Evolution Of The Company’s Technology
How has the company’s technology evolved since launching? Goel noted:
“From very early days, our focus was on solving cold start issues and providing a better developer experience. But getting there wasn’t a linear process. We had to go through multiple iterations and reevaluated our architecture choices based on customer feedback, performance issues, model import time and process, integrations and managing time outs, for example.”
“But after all that iteration, we’ve finally built something special; in the last few weeks, we’ve onboarded more new users than we did over the course of one year! Also, the model import process has improved significantly with strong cold starts and seamless scaling. It’s a great sign that developers are using our platform without any hassles.”
Significant Milestones
What have been some of the company’s most significant milestones? Goel cited:
“We recently had our first Product Hunt launch and ranked number one, which resulted in an overwhelming response from users. In addition, we’ve signed more than two hundred new users since then.”
Customer Success Stories
When asking Goel about customer success stories, she highlighted:
“Cleanlab, which helps enterprises clean data and labels by automatically detecting issues in a ML dataset, launched its Trustworthy Language Model to add a trustworthiness score to every LLM response. It’s designed for high-quality outputs and enhanced reliability, which is critical for enterprise applications to prevent unchecked hallucinations.”
“However, the company experienced increased GPU costs due to GPUs running even when they weren’t actively being used. Cleanlab’s problems were typical for traditional cloud GPU providers: high latency, inefficient cost management and a complex environment to manage.”
“With serverless inference from Inferless, the company cut costs by 90 percent while maintaining performance levels. More importantly, they went live within two weeks with no additional engineering overhead costs.”
Total Addressable Market
What total addressable market (TAM) size is the company pursuing? Goel assessed:
“The AI inference market is evolving and growing very quickly. Overall Serverless GPU inference is emerging as a critical market. The overall AI inference market was valued at $15.8billion in 2023 and is projected to reach $90.6billion by 2030, a CAGR of over 22 percent, according to Verified Market Research.”

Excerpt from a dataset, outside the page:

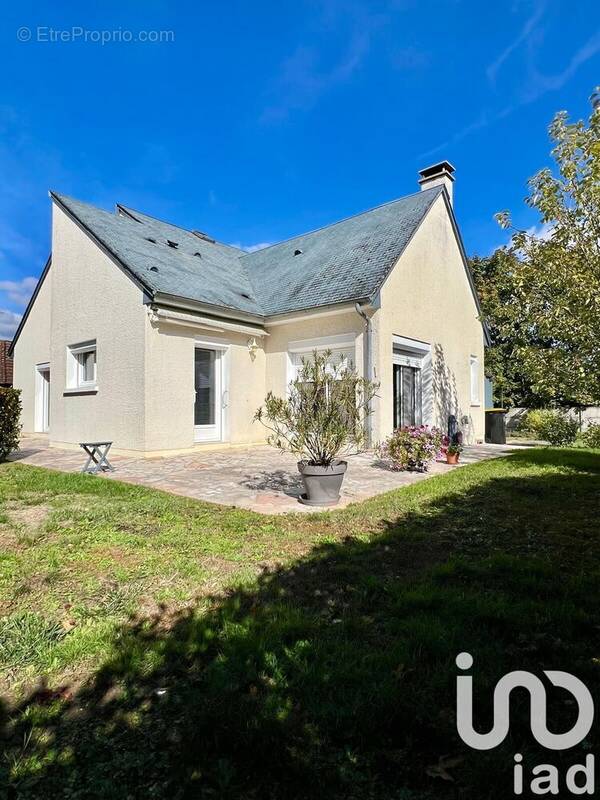 Photo 1 - Maison à BOURGES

Differentiation From The Competition
What differentiates the company from its competition? Goel affirmed:
“We compete with major hyperscalers like AWS and Azure as well as with young startups. Our key focus is providing extremely low model loading times with consistent autoscaling so developers can run their workflows in a true serverless manner. A great developer experience is very important to us; we want it to be super-easy to deploy models.”
Future Company Goals
What are some of the future company goals? Goel concluded:
“In the next few quarters, we are looking to go upmarket with enterprises to help them deploy models in their own cloud. We’re also strengthening our core serverless inference offering with more kinds of GPU support, features, enterprise offerings and more.”